To analyze the isotope tracer arrivals after the labeling events, the tracer arrival times at the in situ isotope probes in 15 and 150 cm stem height were derived. The tracer arrival time was determined as the first time step after the labeling for which δ²H isotope values exceeded the range of isotope values in the 48 h before the labeling. We also determined the time step of the highest isotope measurement after the labeling (called peak time in the following). Due to a short data gap right after the second labeling in November, we did not include these data but focused our analysis only on the first labeling experiment.

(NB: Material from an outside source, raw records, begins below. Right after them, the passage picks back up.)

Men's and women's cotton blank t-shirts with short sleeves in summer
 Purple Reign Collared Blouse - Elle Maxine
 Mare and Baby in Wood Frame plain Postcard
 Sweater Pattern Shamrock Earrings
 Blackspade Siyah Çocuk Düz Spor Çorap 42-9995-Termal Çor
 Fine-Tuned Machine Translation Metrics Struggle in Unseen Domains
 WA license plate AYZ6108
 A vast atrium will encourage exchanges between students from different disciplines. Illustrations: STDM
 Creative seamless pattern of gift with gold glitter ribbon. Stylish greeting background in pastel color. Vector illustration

We compared the tracer-based travel times with sap-flow-based travel times for which we calculated cumulated sap flow using sap flow velocity data of Pinus and Alnus sap flow sensors in 15 and 150 cm stem height. The sap flow data of Quercus was considered as not reliable and excluded from the analysis. We speculate this could be due to the ring-porous sapwood structure (see also Bush et al., 2010; Clearwater et al., 1999). We then determined the time step for which cumulated sap flow was equal to the travel distance from an average rooting depth of 15 cm below surface to 15 and 150 cm stem height (i.e., 30 and 165 cm travel distance).

3 Results

3.1 Dynamics of climatic, soil moisture and sap flow conditions

During the experiment, average air temperature at the experimental site was 14.0 ^∘C (SD: 4.4 ^∘C) ranging from 4.0 ^∘C on the coldest day to 28.2 ^∘C on the hottest day (Fig. 2). Vapor pressure deficit (VPD) as relevant plant activity indication was highest between 13:00 and 15:00 CET with average values around 0.84 kPa (SD: 0.6 kPa), reaching maximum values around of 2 kPa for a few days. Soil temperatures in both depths of all pots followed air temperatures trends, although the amplitude was approximately 10 times less pronounced and up to 10 h delayed. During the experiment, the mean soil temperature for all sensors was 15.1 ^∘C (SD: 2.7 ^∘C).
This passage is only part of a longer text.